Ben McComb 0- Walk Of Oman

Ben McComb

Royal Artillery

Ben joined the Army Reserves in October 2005 whilst at University and served as a Private soldier until 2011, during which time he was selected for officer training. In 2011, he commenced regular officer training at RMAS and commissioned into the Royal Artillery.

More recently, Ben has been employed in Catterick as the Operations Officer for Community Engagement and Community Outreach within the NE of England.

Ben has neural impingement and nerve damage in his lower limbs which is incurable. However, his condition is stable due to continuous self-rehabilitation management.

“I’m still serving in the Army. Being injured doesn’t mean I am physically incapable of anything else. Taking on the Walk of Oman is fantastic way to prove this, to both myself and the world! I will be representing every other serving injured soldier and demonstrating what they can still achieve if they put their minds to it. 

I know many people who have been supported by WWTW, the charity has helped friends get their lives back on track. It is an incredibly important cause and one close to my heart.”

Sean Gane - Walk Of Oman

Sean Gane

Infantryman

Sean joined the Armed Forces in 1986 as an Infantryman. He served for 12 years between 1986 and 2014, leaving and later rejoining. He served on operational tours including Afghanistan and served his last tour in 2009. It was during this last tour Sean witnessed many traumatic events and was later diagnosed with PTSD and hearing and nerve damage.
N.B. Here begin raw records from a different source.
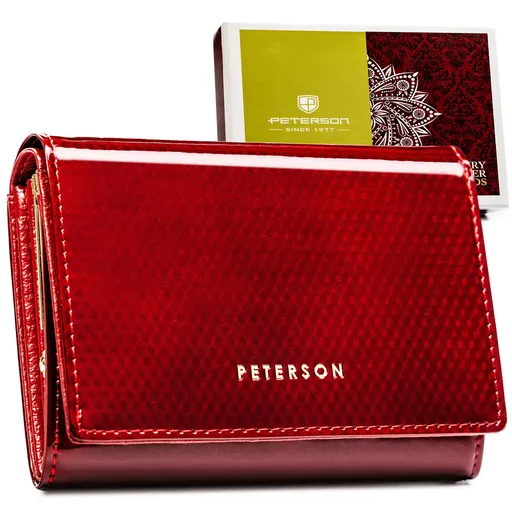 Veľká dámska kožená peňaženka v červenej farbe - Peterson
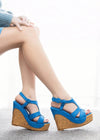 Stylish Black Platform Wedge Sandals & Versatile Peep Toe High Heels for Every Event Color Royal Blue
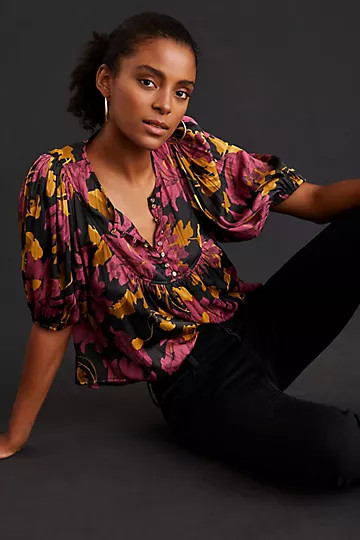 By Anthropologie Drapey Henley Pullover | Anthropologie (US)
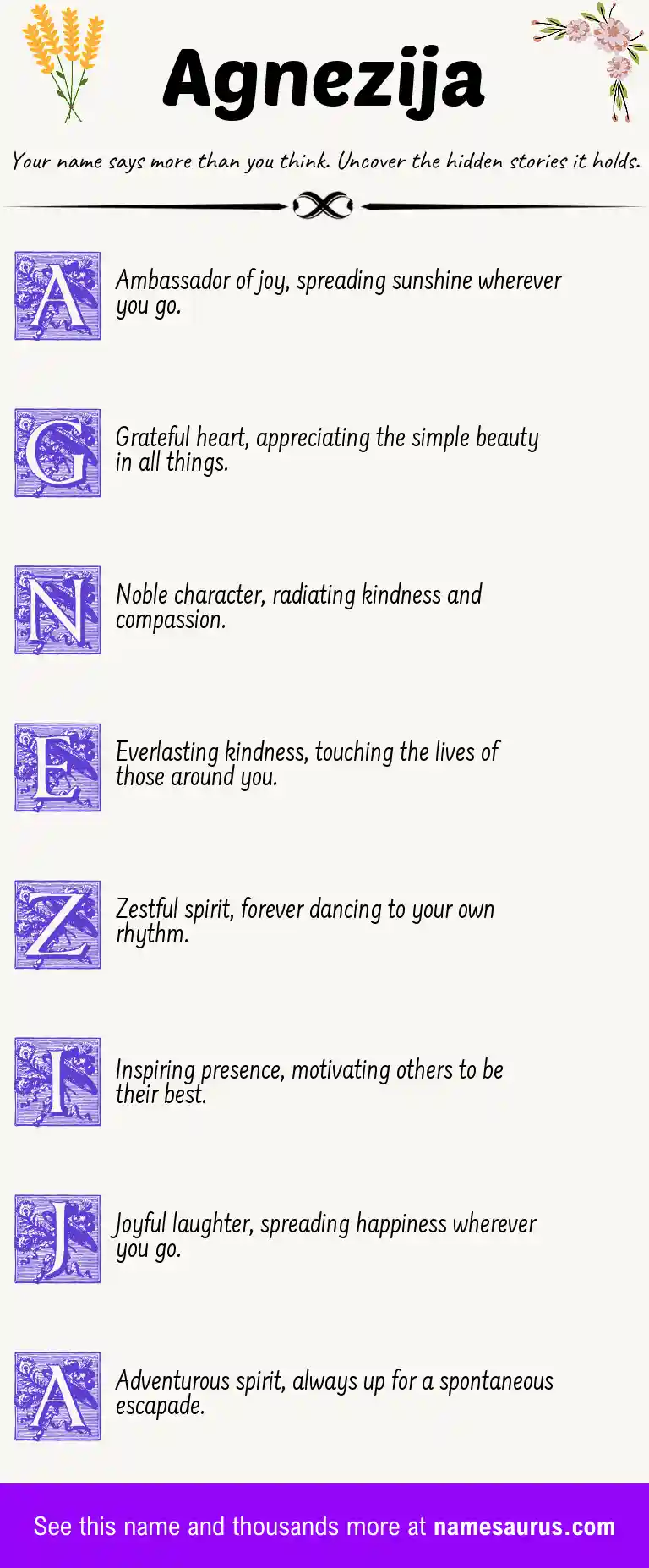 Acrostic poem about Agnezija.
He was medically discharged in 2014.

Sean struggled with the transition to civvy street because he could not find a place where he ‘fit in’ and he decided to start volunteering. He also received support from a military charity where he later secured paid employment. Sean enjoyed his work supporting the ex-military community because he had shared experiences and could understand the transition process from a life in the military.

“When I was medically discharged from the Armed Forces I was pretty angry and as things went on I became more disenchanted. I was bounced between Ministry of Defence and NHS for a couple of years. I eventually received support from a military charity and even secured employment with them.
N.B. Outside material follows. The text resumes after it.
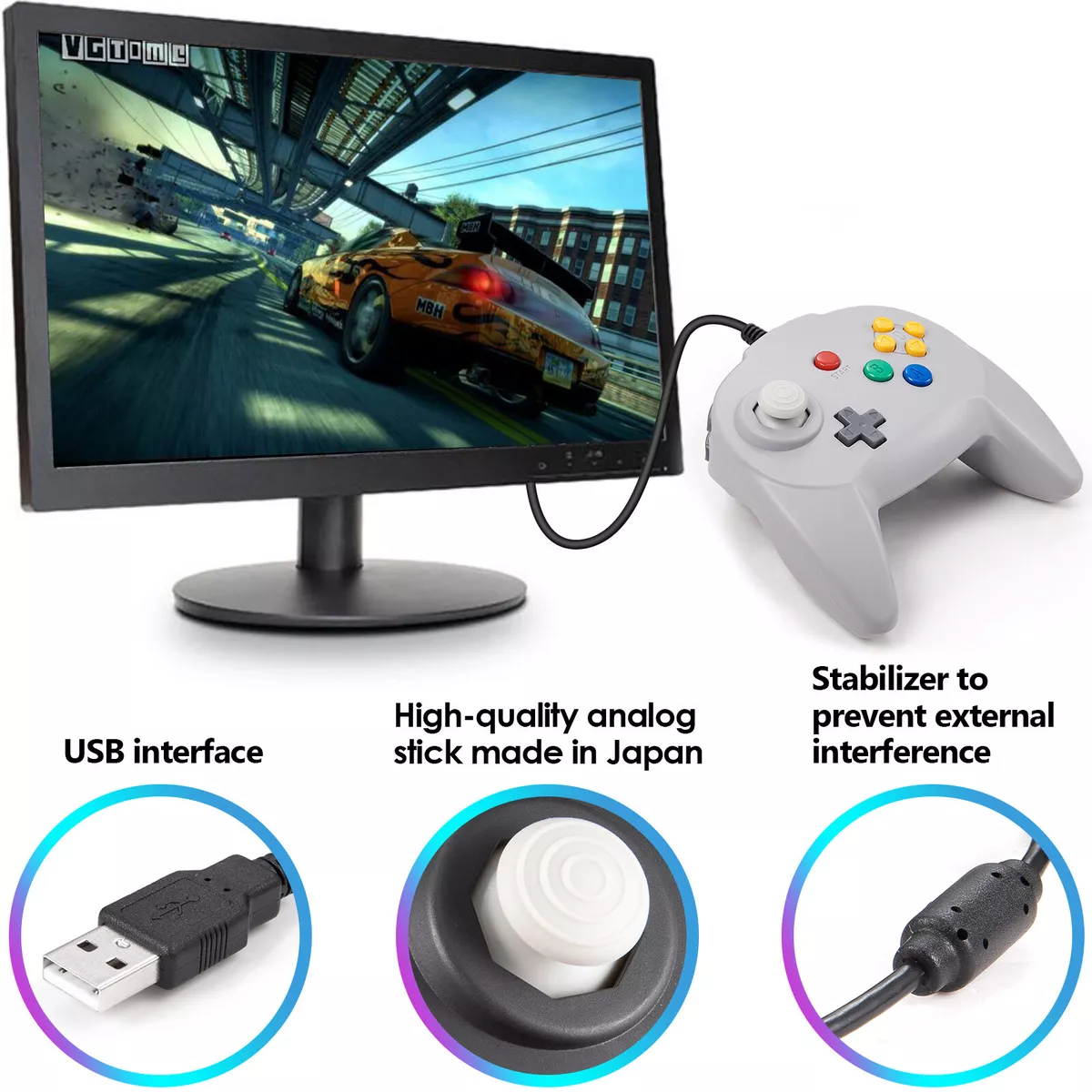  USB Wired Game Controller for Windows PC/Raspberry Pi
I’m incredibly excited about heading off to Oman. I LOVE being outdoors and I’m looking forward to taking on the desert with a group of like-minded people, all whilst raising awareness of the incredible work WWTW does.

I know many people who have been supported by WWTW, the charity has helped friends get their lives back on track. It is an incredibly important cause and one close to my heart.”
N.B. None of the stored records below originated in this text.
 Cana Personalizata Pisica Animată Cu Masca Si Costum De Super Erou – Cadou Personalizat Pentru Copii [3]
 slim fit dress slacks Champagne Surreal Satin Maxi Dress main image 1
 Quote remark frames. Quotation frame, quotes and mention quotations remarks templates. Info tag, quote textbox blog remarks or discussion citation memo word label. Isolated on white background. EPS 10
Brian Oneil - Walk Of Oman

Brian O’Neill

Staff Sergeant

Brian joined the Armed Forces in October 1990 aged 17 and served in the Argyll and Sutherland Highlanders, Royal Military Police and Military Provost Staff Regiment. Brian served in 7 operational tours including Northern Ireland, Bosnia, Iraq and Afghanistan and achieved the rank of Staff Sergeant. Upon leaving the military, Brian was treated for complex PTSD due to exposure to multiple traumas.

Brian served for 26 years and found the transition from military to civilian life exceptionally difficult; he missed the camaraderie and the familiar faces of the military ‘family’. Recently, Brian received support from WWTW’s Employment Programme and has successfully gained employment as a Technical Sales Manager.

“I never underestimated the transition from military to civvy life, in fact I thought I prepared quite well, I gained a degree in order to enhance my employment prospects,  I secured accommodation for my family and I was offered my first civvy job before I even left the military.

It was really quite strange starting work, I was made to feel welcome and I tried to fit in, however I felt like a banana at an apple party. It’s hard to explain, no familiar uniform, no feeling of real camaraderie and familiar faces that you knew you could depend upon, no matter what were no longer there.

I’m taking part the Walk of Oman because I want to get that buzz of a challenge feeling again. I want to demonstrate courage, resilience and determination with fellow veterans who speak the same language and be part of a team again.